The table suggests that 24 is the greatest positive divisor of p^2-1. The presence of the two consecutive even factors \left (p+1\right ) and \left (p-1\right ) gives us ideas on how to prove the conjecture.
Since 24=2\times 2\times 2\times 3, we want to show that at least three 2s and one 3 come from the product \left (p+1\right )\left (p-1\right )

Idea 1
2\times 2 is easy to see because both \left (p+1\right ) and \left (p-1\right ) are even and each contributes one 2.

Idea 2
If a and b are two consecutive even numbers, then 4 divides either a or b.
Proof
If 4 divides a, we are done.
If 4 does not divide a, then there exist a quotient q and a remainder r such that
a=4q+r,    r=1,2,3
If r=1 or r=3
a=4q+1 or a=4q+3
This is not possible because in either case the right-hand side is an odd number and a is even.
If r=2
a=4q+2
b=a+2
=\left (4q+2\right )+2
=4q+4
=4\left (q+1\right )
The last equation shows that 4 divides b.
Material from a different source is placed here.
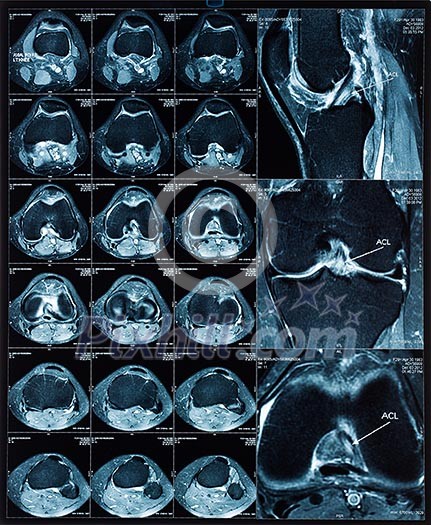Magnetic resonance tomography (MRT) images of knee Magnetic resonance tomography (MRT) images of knee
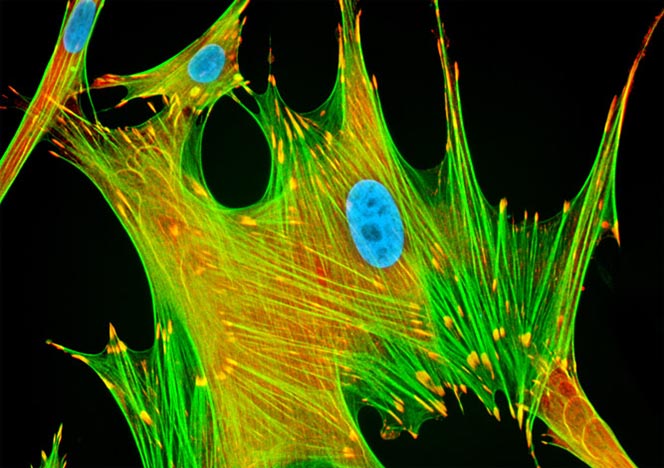 Mongoose Skin Fibroblast Cells (APM)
DONE.

Applying Idea 2
\left (p+1\right ) and \left (p-1\right )
are two consecutive even numbers, thus 4 divides either one of them. So we pick up an additional 2 to have 2\times 2\times 2.

Idea 3
If a,b,c are three consecutive positive integers, then 3 divides one of them.
Proof
If 3 divides a, we are done.
If 3 does not divide a, then there exist a quotient q and a remainder r such that
a=3q+r,    r=1,2
If r=1
a=3q+1
c=a+2
=\left (3q+1\right )+2
=3q+3
=3\left (q+1\right )
The last equation shows that 3 divides c.
If r=2
a=3q+2
b=a+1
=\left (3q+2\right )+1
=3q+3
=3\left (q+1\right )
The last equation shows that 3 divides b. DONE.

Applying Idea 3
\left (p-1\right ),p,\left (p+1\right ) are three consecutive positive integers, thus 3 divides either \left (p-1\right ) or \left (p+1\right ) and not p because it is a prime number. So we pick up a factor 3 to finally have 2\times 2\times 2\times 3.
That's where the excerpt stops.